• What to work on:
Only the lines from the one containing "Photo of property" through the end of the entries are wanted, retyped exactly and without pictures.

── Records shown

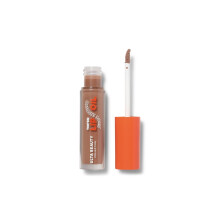 Ulta Beauty getntes Lippenl ~ Buff Babe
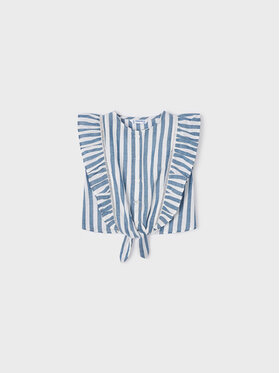 Μπλουζάκι Mayoral φωτογραφία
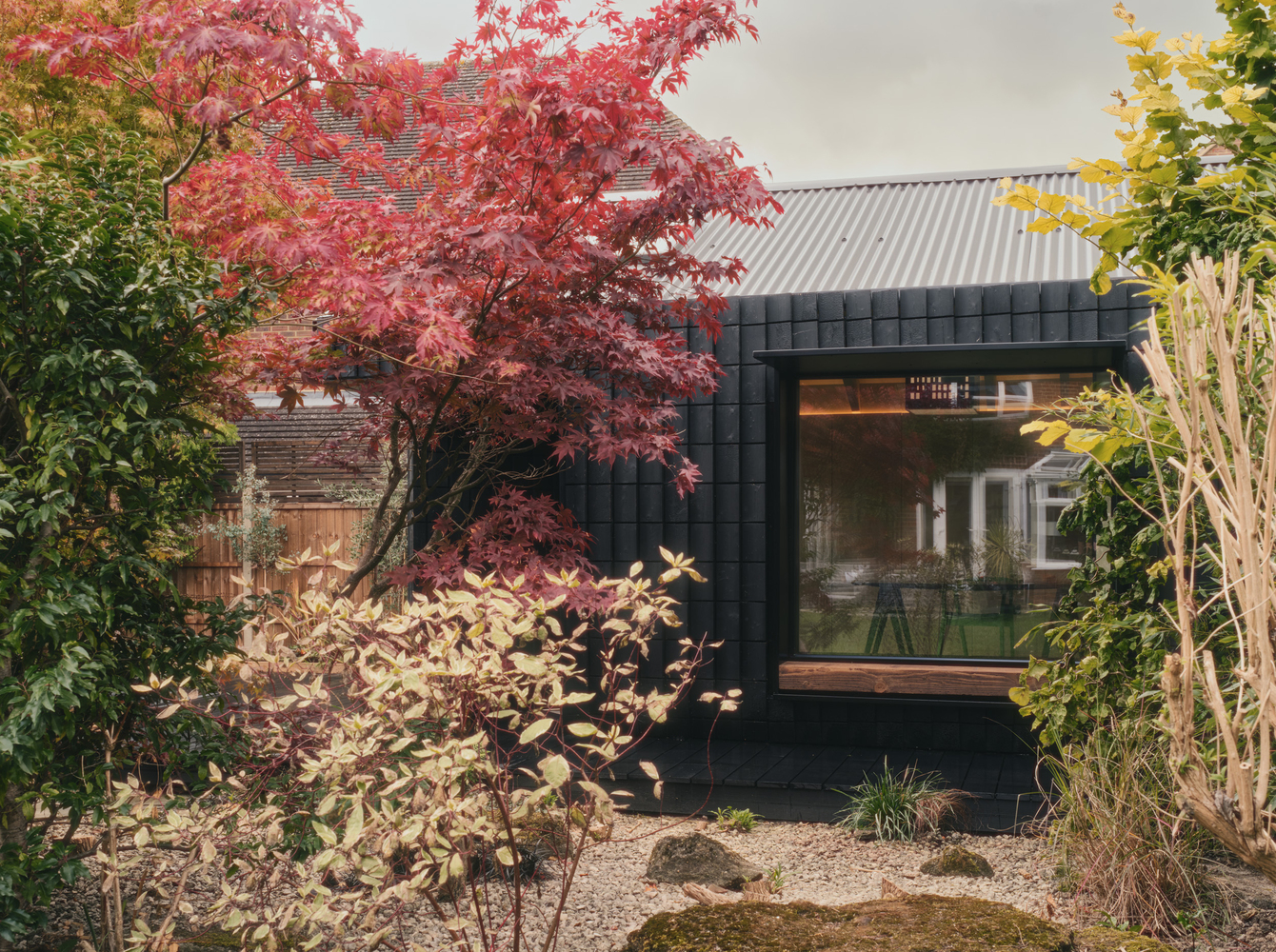 英国昆虫旅馆丨Hyperspace-7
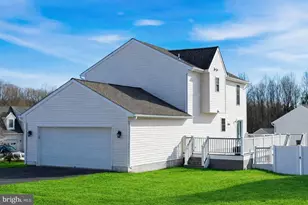 6100 Sunny Meadows Dr, Fredericksburg, VA 22407 - Photo 28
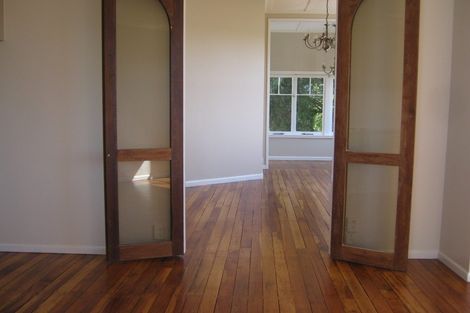 Photo of property in 158 Puhinui Road, Papatoetoe, Auckland, 2104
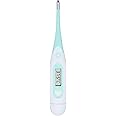 Bébéconfort Thermomètre Flexible Ultra Rapide 3106203300,Blanc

────

• Expected answer:
 Photo of property in 158 Puhinui Road, Papatoetoe, Auckland, 2104
 Bébéconfort Thermomètre Flexible Ultra Rapide 3106203300,Blanc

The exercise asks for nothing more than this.